The case tests the FEC disclosure reg at 11 C.F.R. Sec. 109.10(e)(1)(vi) against the authorizing federal law at 52 U.S.C. Secs. 30104(c)(1) and (c)(2)(C). The reg requires a non-political committee (like a 501(c)(4) organization) to report "[t]he identification of each person who made a contribution in excess of $200 to the person filing such report, which contribution was made for the purpose of furthering the reported independent expenditure." The statute requires a non-political committee "who makes independent expenditures in an aggregate amount or value in excess of $250 during a calendar year" to report "the identification of each person who made a contribution in excess of $200 to the person filing such statement which was made for the purpose of furthering an independent expenditure."

The court explained how the reg falls short:

First, the challenged regulation wholly fails to implement another disclosure requirement, mandated in 52 U.S.C. Sec. 30104(c)(1), requiring reporting not-political committees to identify non-trivial donors, as well as the date and amounts of their contributions, when the contributions were made for political purposes to influence any election for federal office, or at the request or authorization of a candidate or the candidate's agent.
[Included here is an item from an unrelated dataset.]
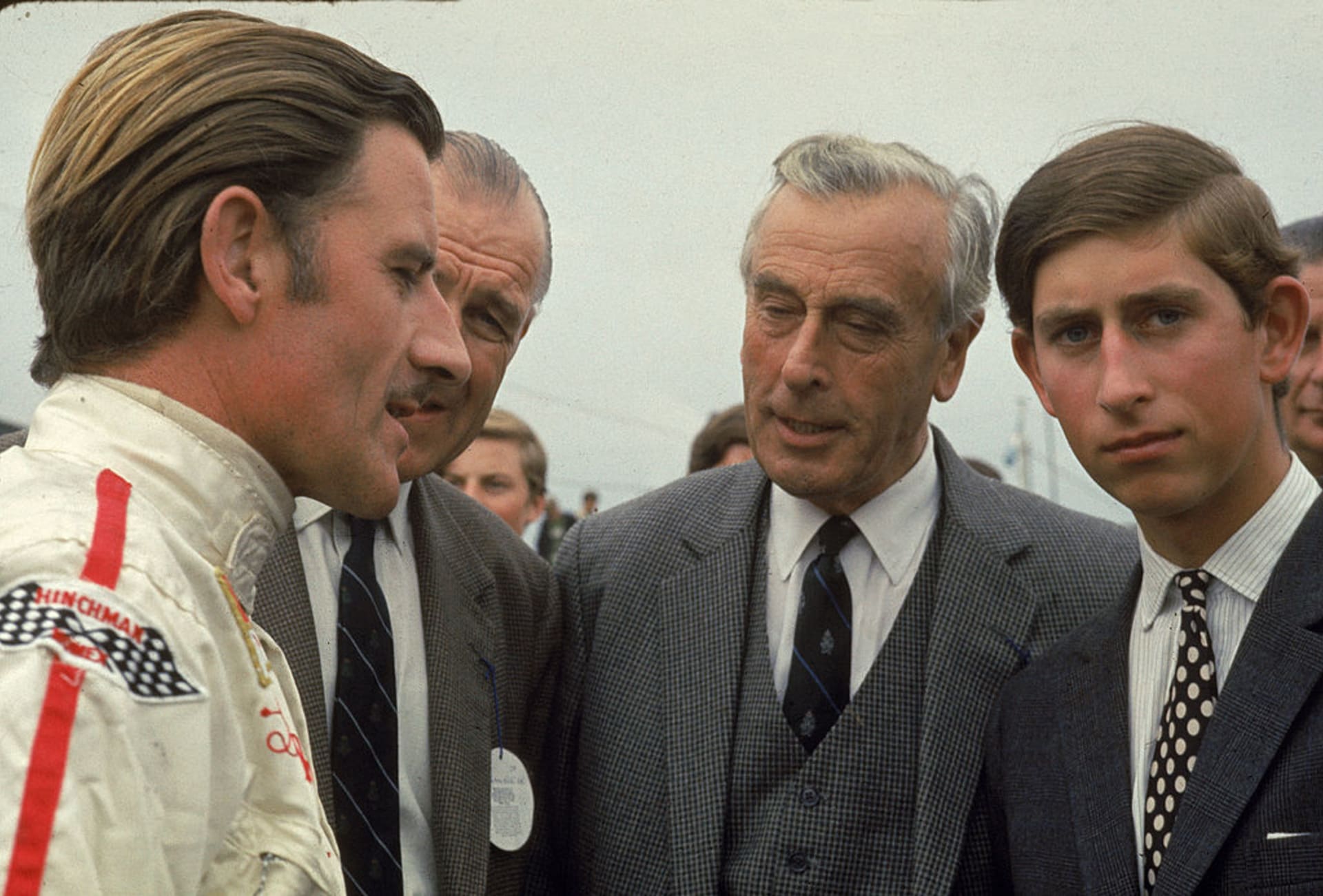 S Grahamem Hillem, legendárním britským jezdcem formule 1. Charlesovi dával lekce rychlé jízdy, naslouchá i Lord Mountbatten (uprostřed).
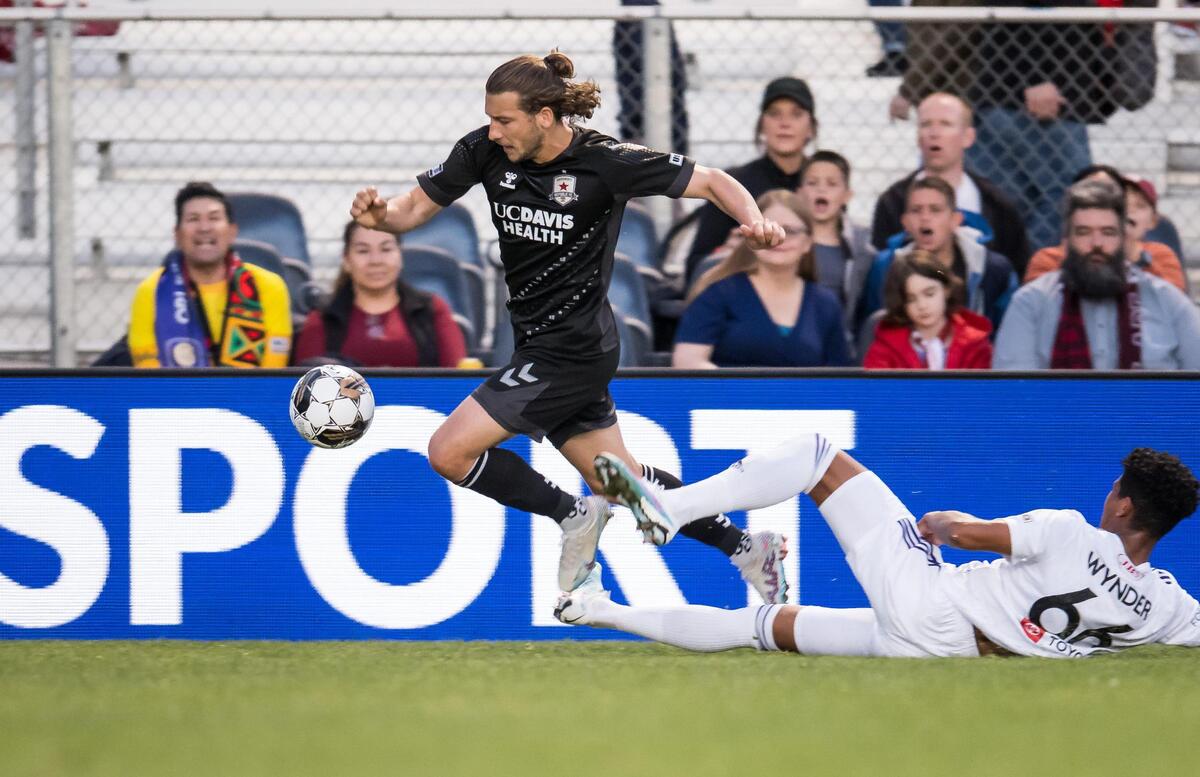 Sacramento Republic FC forward Russell Cicerone (11), left, evades Louisville City FC defender Joshua Wynder (66) and crosses the ball for teammate Jack Gurr (2) to score during the first half of the USL soccer game Saturday, April 1, 2023, at Heart Health Park. Sac Republic shut out Louisville 5-0.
Such contributions may, in fact, be intended to fund the not-political committee's own contributions and be routed to candidates, political parties, or political committees, such as super PACs. Second, the challenged regulation impermissibly narrows the mandated disclosure in 52 U.S.C. Sec. 30104(c)(2)(C), which requires the identification of such donors contributing for the purpose of furthering the not-political committee's own express advocacy for or against the election of a federal candidate, even when the donor has not expressly directed that the funds be used in the precise manner reported.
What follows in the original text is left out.